What to produce - Give back every entry exactly; drop the pictures.

■ ■ ■ ■

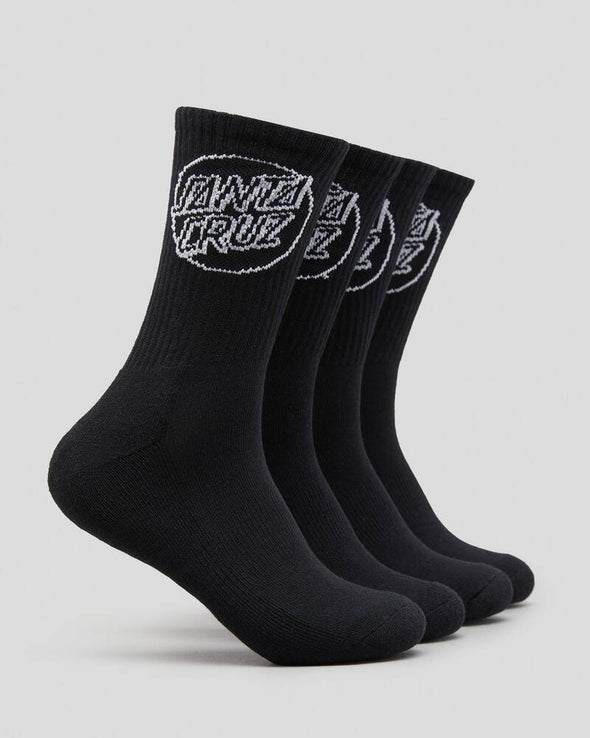Santa Cruz Men's 7-11 Opus Dot Black 4 Pack Socks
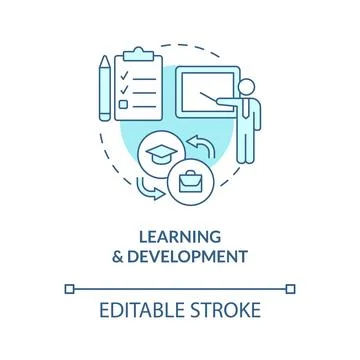 Learning and development turquoise concept icon Stock-Illustration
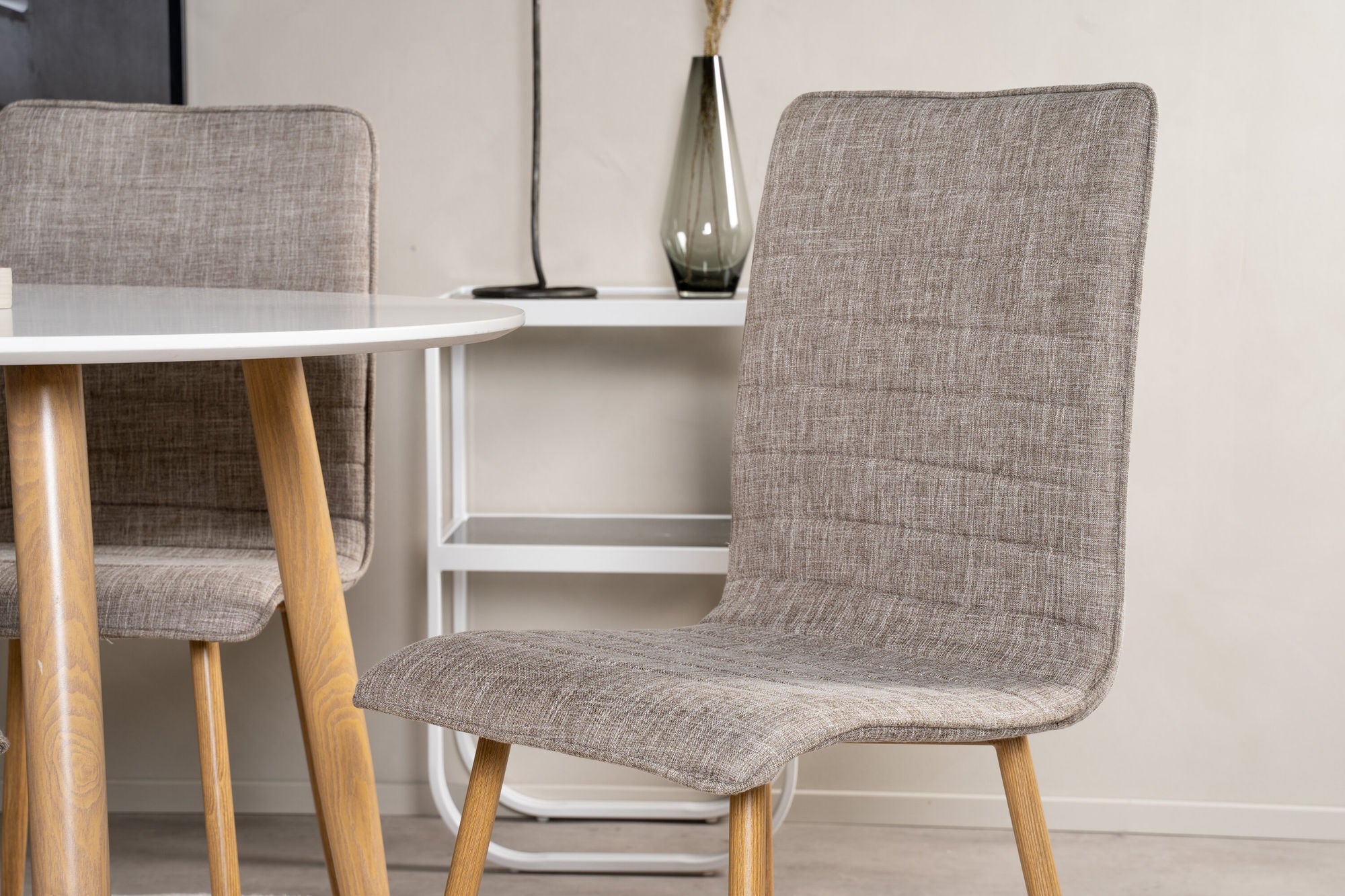 Venture Home Plaza Runt Matbord - Ek-Look / Vit - ø100*H75 +Windu Lyx Spisebordsstol - Oak-Look / Light Grey _4
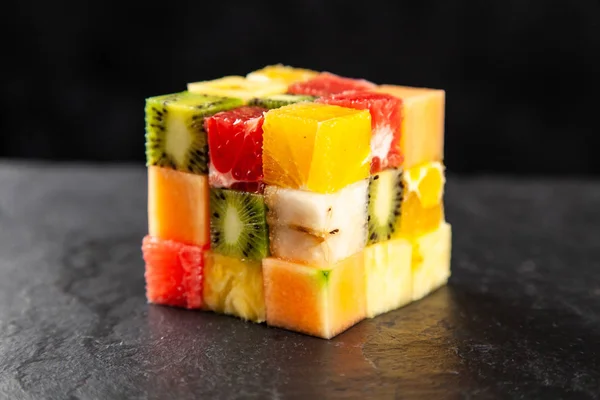 Fruit cube on white background — Stock Photo, Image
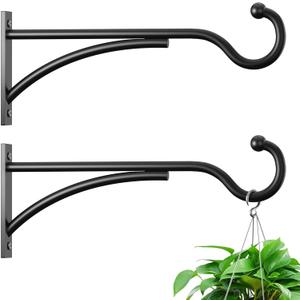 8 Inch 2 Pack Heavy Duty Plant Hangers Outdoor, Metal Plant Brackets for Hanging Baskets, Plant Wall Hooks for Bird Feeders, Wind Chimes & Lanterns, Premium Metal Hooks Matte Black, 30lbs Capacity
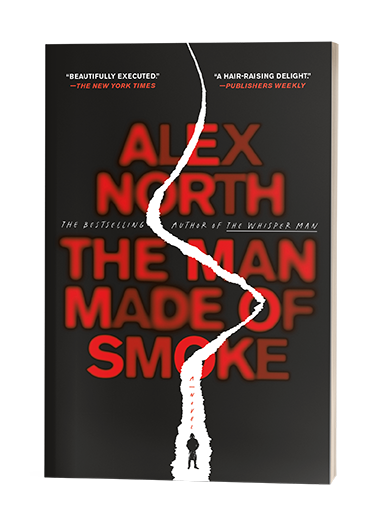 Book cover for "The Man Made of Smoke" by Alex North, with a jagged tear and silhouette of a person at the bottom.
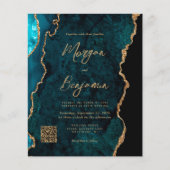 Budget Aquamarin Blue Agate QR Code Hochzeit Einla (Vorderseite)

■ ■ ■ ■

Reply -
Santa Cruz Men's 7-11 Opus Dot Black 4 Pack Socks
 Learning and development turquoise concept icon Stock-Illustration
 Venture Home Plaza Runt Matbord - Ek-Look / Vit - ø100*H75 +Windu Lyx Spisebordsstol - Oak-Look / Light Grey _4
 Fruit cube on white background — Stock Photo, Image
 8 Inch 2 Pack Heavy Duty Plant Hangers Outdoor, Metal Plant Brackets for Hanging Baskets, Plant Wall Hooks for Bird Feeders, Wind Chimes & Lanterns, Premium Metal Hooks Matte Black, 30lbs Capacity
 Book cover for "The Man Made of Smoke" by Alex North, with a jagged tear and silhouette of a person at the bottom.
 Budget Aquamarin Blue Agate QR Code Hochzeit Einla (Vorderseite)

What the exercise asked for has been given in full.